A call to the state's L&I department which overseas the administration of the UCC confirms my opinion, conversations with other BCO's in the state also confirm this.

Does this sound appropriate and correct?


----------



## Mac (Feb 8, 2011)

Ummm  yes, although the NY Building code doesn't have a chapter 34, so the EBC would be the code to use.

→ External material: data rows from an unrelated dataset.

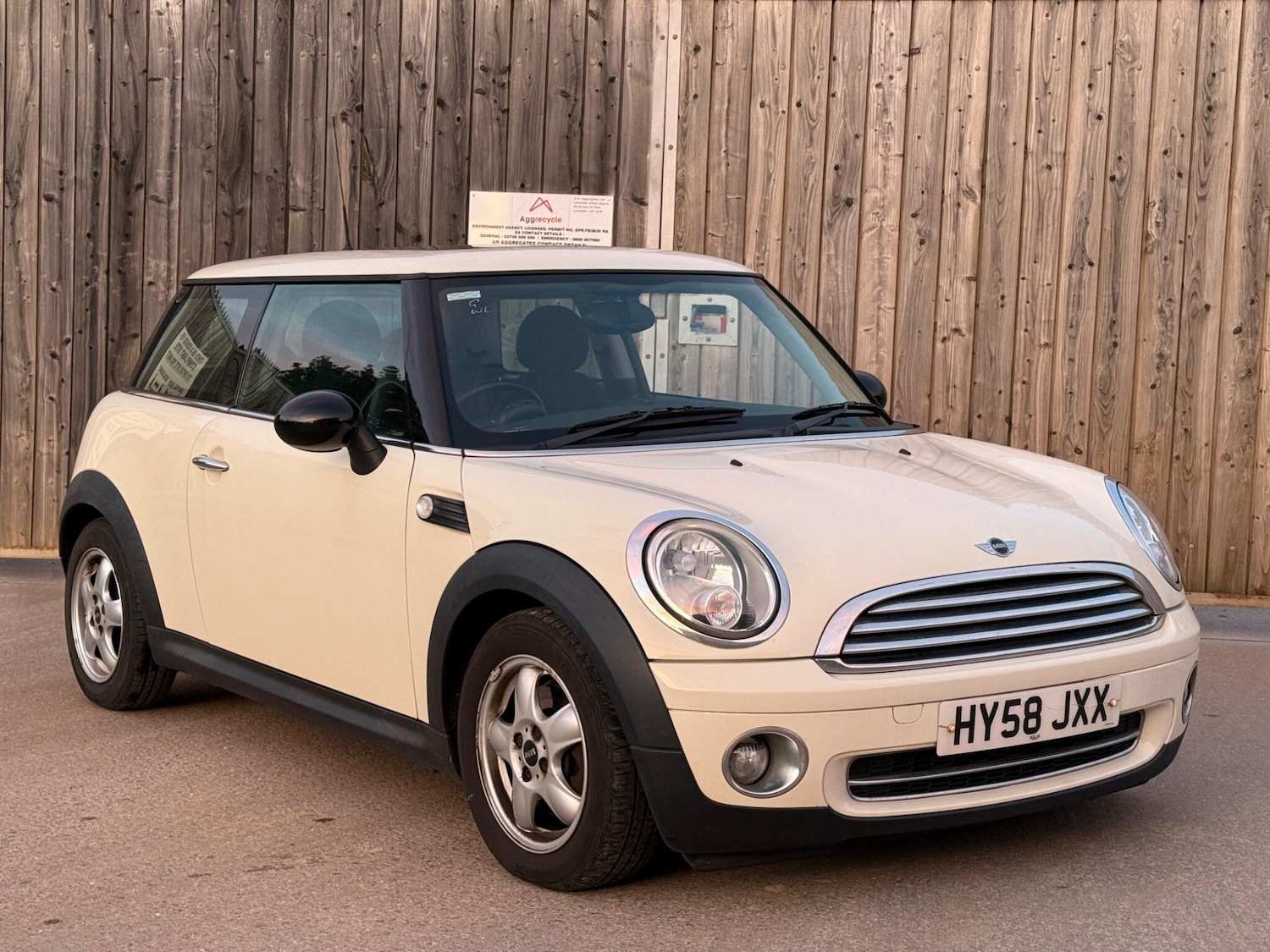 Used MINI Hatch 2008 for sale - 76175125: Photo 2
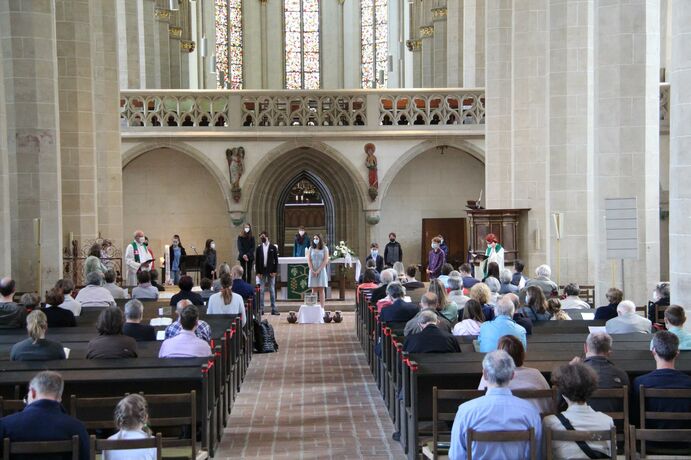 Foto vom Gottesdienst mit Konfi-Taufe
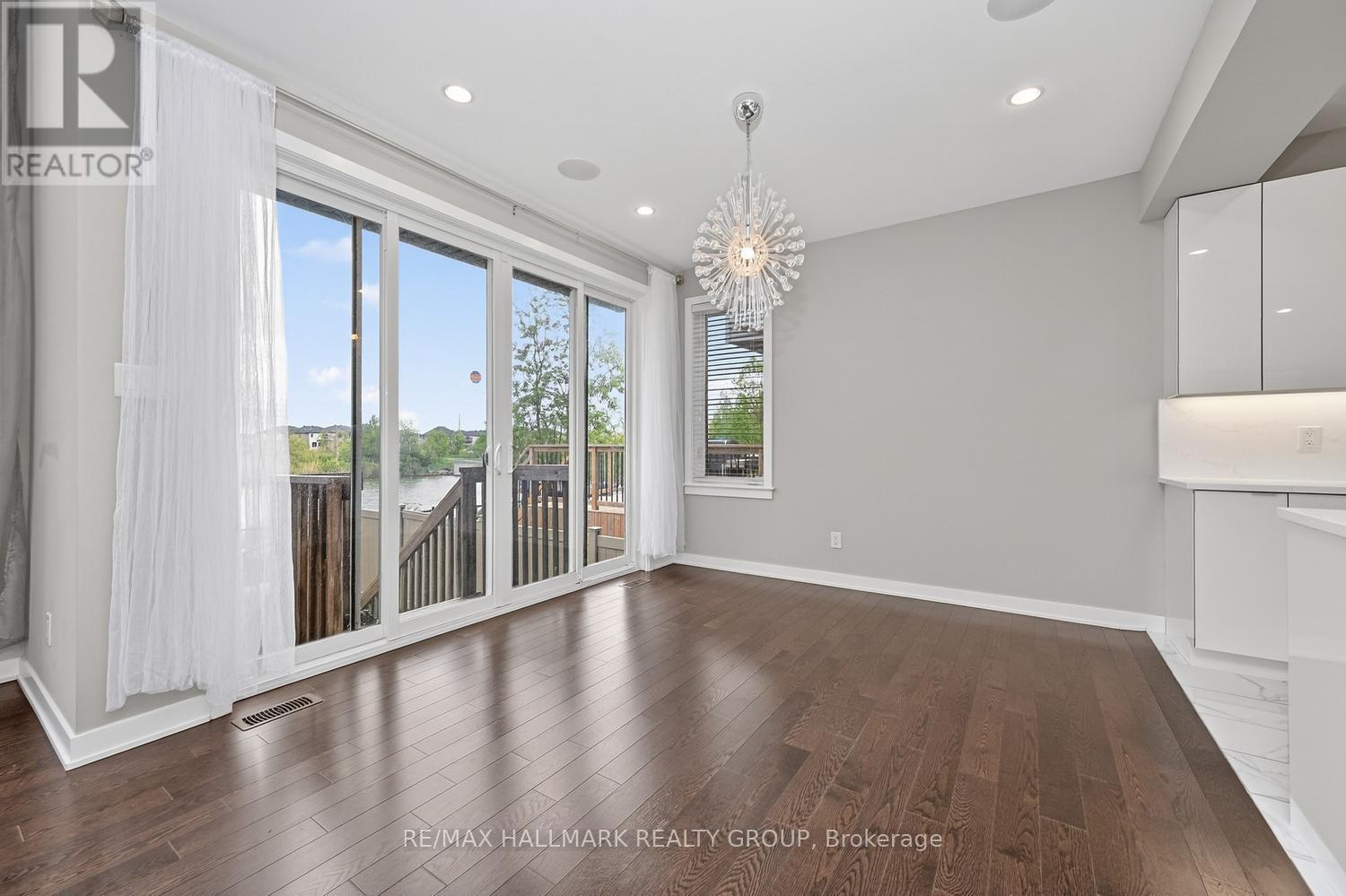 339 ANDALUSIAN CRESCENT - 11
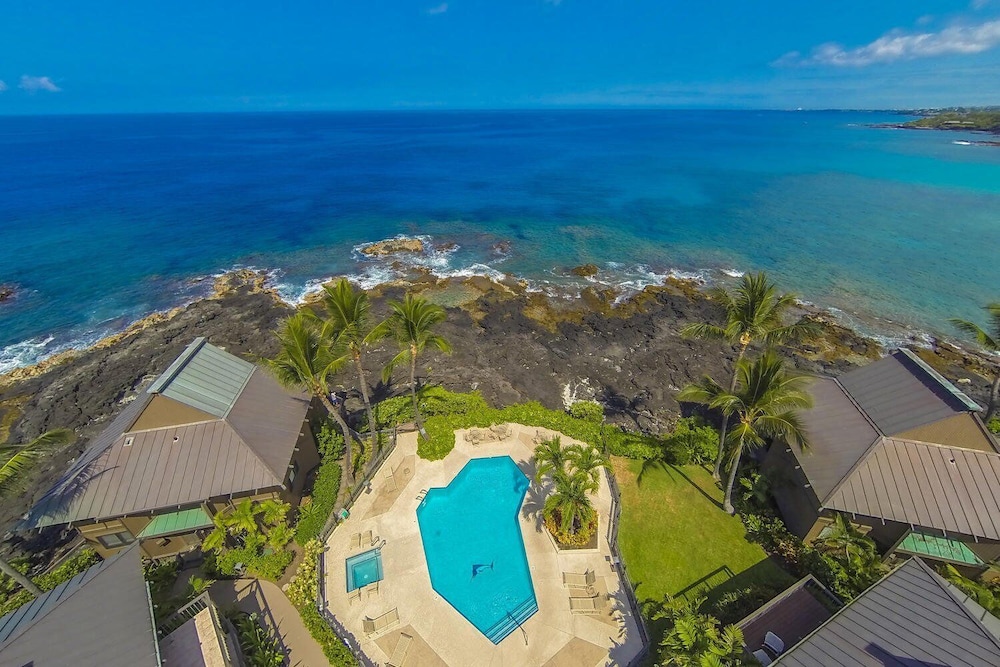 Air-conditioned Ocean Front Hawaii Townhome! - Sleeps 6 - Vrkcv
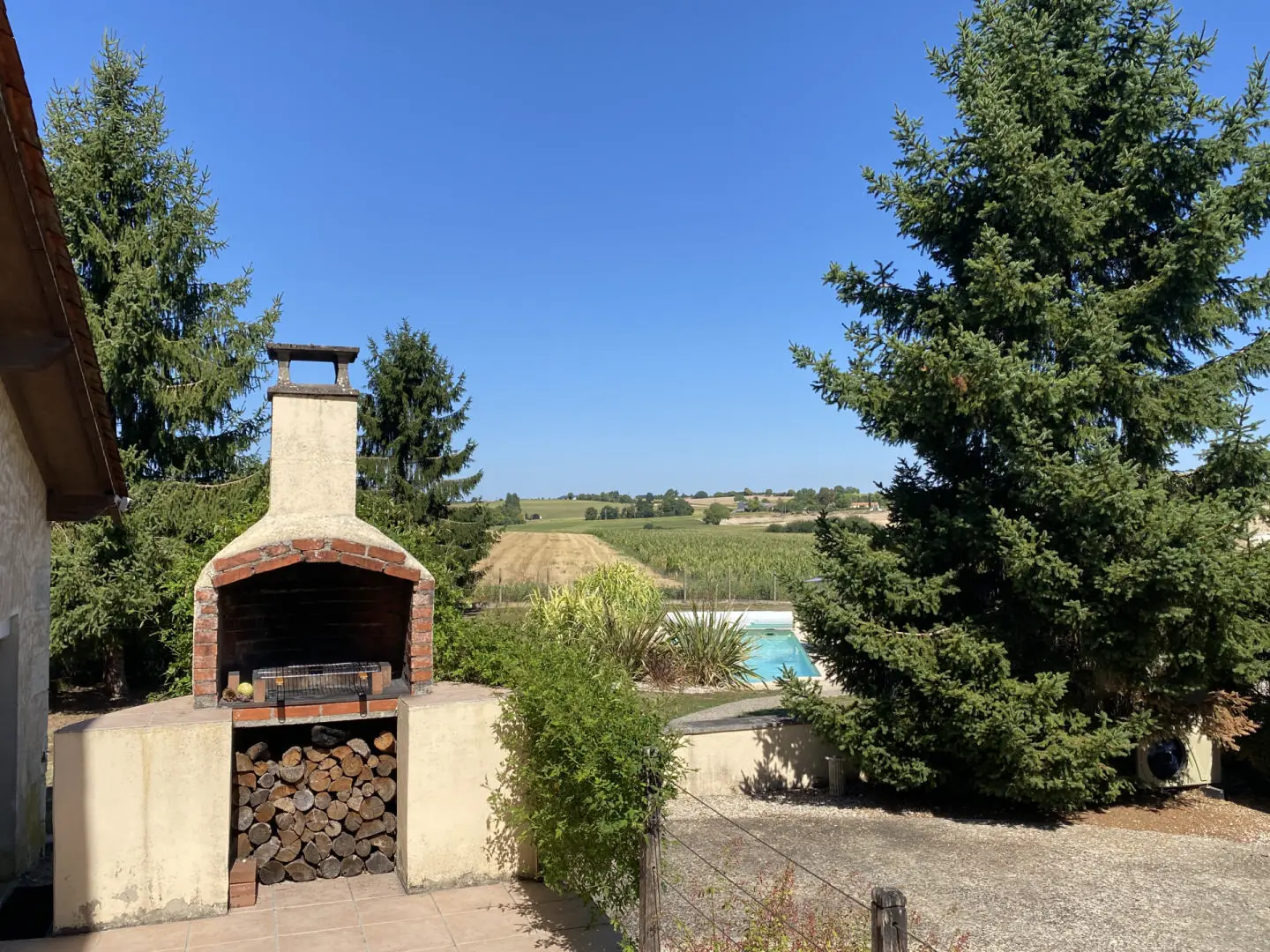 House Of 150 M² With Heated Pool In Aubeterre-sur-dronne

Accessibility, rest rooms, light & vent, etc.


----------



## cda (Feb 8, 2011)

Was it a B under the old code????


----------



## jar546 (Feb 8, 2011)

There were no use and occupancy classifications with codes like we have now.  It was a pharmacy.


----------



## rshuey (Feb 8, 2011)

Exactly correct. Most engineers will pick one of the big 3 from the IEBC and run with it.


----------



## FyrBldgGuy (Feb 8, 2011)

Yes and No.  If the new space is constructed and creates a more hazardous condition then I would tend to head that direction.  As in the case where a strip mall under a previous legacy code has a new tennat improvement and that triggers a condition due to maximum allowable area for a type of occupancy.

Would you use the IEBC or Ch 34 if the space was coverted to a bar with stage?  Maybe with an occupancy of 500.


----------



## globe trekker (Feb 8, 2011)

Jeff,

Yes, you are the right track for using the IEBC and or Ch. 34, ...whichever is the more restrictive.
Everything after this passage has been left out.